Skip to main content

Adjusting Sample to Population

To produce the balancing weights, use the Sample.adjust() method to adjust a sample to population:

adjusted = sample.adjust()

The output of this method is an adjusted Sample class object of the form:

    Adjusted balance Sample object with target set using ipw
1000 observations x 3 variables: gender,age_group,income
id_column: id, weight_column: weight,
outcome_columns: happiness

target:

balance Sample object
10000 observations x 3 variables: gender,age_group,income
id_column: id, weight_column: weight,
outcome_columns: None

3 common variables: income,gender,age_group

Note that the adjust method in balance is performing three main steps:

  1. Pre-processing of the data - getting data ready for adjustment using best practices in the field:
    • Handling missing values - balance handles missing values automatically by adding a column '_is_na' to any variable that contains missing values. The advantage of this is that these are then considered as a separate category for the adjustment.
    • Feature engineering - by default, balance applies feature engineering to be able to fit the covariate distribution better, and not only the first moment. Specifically, each continues variable is bucketed into 10 quantiles buckets. Furthermore, rare categories in categorical variables are grouped together so to avoid overfitting rare events.
  2. Fitting the model and calculating the weights: the model fitted depends on the method chosen by the user. Current options are inverse propensity score weighting using regularized logistic regression (ipw), covariate balancing propensity score (cbps), post-stratification (poststratify), and raking (rake).
  3. Post-processing of the weights:
    • Trimming weights - balance trims the weights in order to avoid over fitting of the model and unnecessary variance inflation.
    • Normalizing weights to population size. The resulting weights of balance can be described as approximating the number of unit in the population this unit of the sample represents.

Optional arguments

  • method: ipw, poststratify, rake, or cbps. Default is ipw.

    • ipw: stands for Inverse Propensity Weighting. The propensity scores are calculated with LASSO logistic regression. Details about the implementation can be found here. For a quick-start tutorial, see here.
    • cbps: stands for Covariate Balancing Propensity Score. The CBPS algorithm estimates the propensity score in a way that optimizes prediction of the probability of sample inclusion as well as the covariates balance. Its main advantage is in cases when the researcher wants better balance on the covariates than traditional propensity score methods - because one believes the assignment model might be misspecified and would like to avoid an iterative procedure of balancing the covariates. Details about the implementation can be found here. For a quick-start tutorial, see here.
    • poststratify: stands for post-stratification. Details about the implementation can be found here.
    • rake: Details about the implementation can be found here.

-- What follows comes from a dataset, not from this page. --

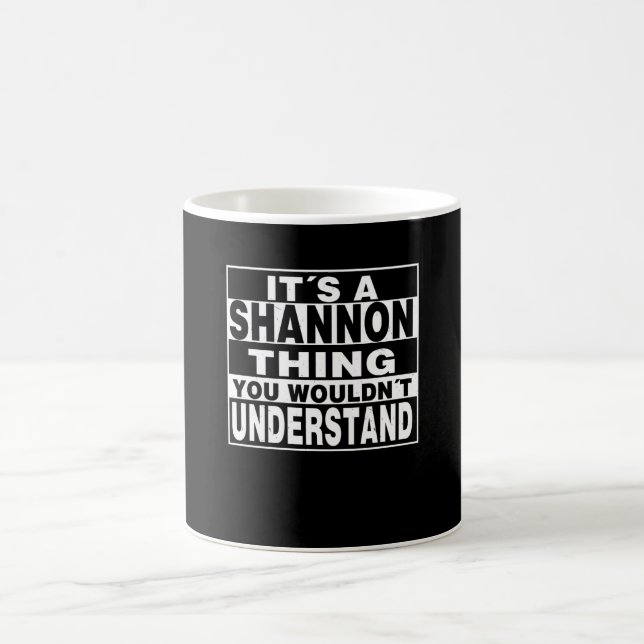 SHANNON Surname Personalised Gift Coffee Mug (Center)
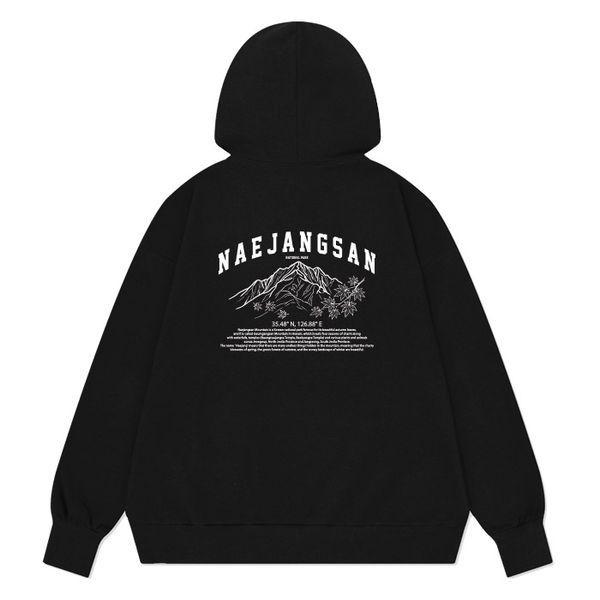 内蔵山(ネジャンサン)オーバーフィット 韓国の山 フード付きTシャツ 5色_P414791487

For a quick-start tutorial, see here.
  • variables: allows user to pass a list of the covariates that they want to adjust for; if variables argument is not specified, all joint variables in sample and target are used.

  • transformations: which transformations to apply to data before fitting the model. Default is cutting numeric variables into 10 quantile buckets and lumping together infrequent levels with less than 5% prevalence into lumped_other category. The transformations are done on both the sample dataframe and the target dataframe together. User can also specify specific transformations in a dictionary format. For a quick-start tutorial on transformations and formulas, see here.

  • max_de: (for ipw and cbps methods): The default value is 1.5. It limits the design effect to be within 1.5. If set to None, the optimization is performed by cross-validation of the logistic model for ipw (see the choose_regularization function for more details) or without constrained optimization for cbps. Setting max_de to None can sometimes significantly improve the running time of the code.

  • weight_trimming_mean_ratio or weight_trimming_percentile: (only one of these arguments can be specified). weight_trimming_mean_ratio indicates the ratio from above according to which the weights are trimmed by mean(weights) * ratio. Default is 20. If weight_trimming_percentile is not none, winsorization is applied. Default is None, i.e. trimming from above is applied. However, note that when max_de is not None (and default is 1.5), the trimming-ratio is optimized by ipw and these arguments are ignored.

  • na_action (for ipw method): how to handle missing values in the data (sample and target). Default is to replace NAs with 0's and add indicator for which observations were NA (this is done after applying the transformations). Another option is drop, which drops all observations with NA values.

  • formula (for ipw and cbps methods): The formula according to which build the model matrix for the logistic regression. Default is a linear additive formula of all covariates. For a quick-start tutorial on transformations and formulas, see here.

  • penalty_factor (for ipw method): the penalty used in the regularized logistic regression.